--- Provided data ---

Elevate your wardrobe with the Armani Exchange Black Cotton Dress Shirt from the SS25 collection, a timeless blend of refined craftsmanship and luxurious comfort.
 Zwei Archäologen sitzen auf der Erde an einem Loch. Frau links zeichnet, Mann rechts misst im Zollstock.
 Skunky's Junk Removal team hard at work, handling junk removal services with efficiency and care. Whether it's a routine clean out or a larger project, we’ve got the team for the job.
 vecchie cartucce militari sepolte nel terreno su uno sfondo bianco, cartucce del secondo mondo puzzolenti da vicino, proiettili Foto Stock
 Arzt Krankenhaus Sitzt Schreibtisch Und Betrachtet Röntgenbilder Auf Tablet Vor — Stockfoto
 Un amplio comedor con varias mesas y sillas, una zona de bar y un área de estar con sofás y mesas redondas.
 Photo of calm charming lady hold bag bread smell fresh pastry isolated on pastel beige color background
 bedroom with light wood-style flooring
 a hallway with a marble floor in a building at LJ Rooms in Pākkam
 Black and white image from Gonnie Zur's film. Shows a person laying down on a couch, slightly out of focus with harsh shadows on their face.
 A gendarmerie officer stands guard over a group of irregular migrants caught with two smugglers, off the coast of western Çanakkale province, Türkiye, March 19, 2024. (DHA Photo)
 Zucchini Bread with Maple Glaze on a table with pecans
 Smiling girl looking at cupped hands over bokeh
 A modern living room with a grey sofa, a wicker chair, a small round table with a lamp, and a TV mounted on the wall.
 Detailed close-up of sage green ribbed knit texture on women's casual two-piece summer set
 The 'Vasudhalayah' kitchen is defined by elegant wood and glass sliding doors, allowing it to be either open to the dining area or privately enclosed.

---

Work required: Beginning with the line that contains "Smiling girl looking", restate word for word each line through the last one in the data, and write nothing more.

Solution for this exercise:
 Smiling girl looking at cupped hands over bokeh
 A modern living room with a grey sofa, a wicker chair, a small round table with a lamp, and a TV mounted on the wall.
 Detailed close-up of sage green ribbed knit texture on women's casual two-piece summer set
 The 'Vasudhalayah' kitchen is defined by elegant wood and glass sliding doors, allowing it to be either open to the dining area or privately enclosed.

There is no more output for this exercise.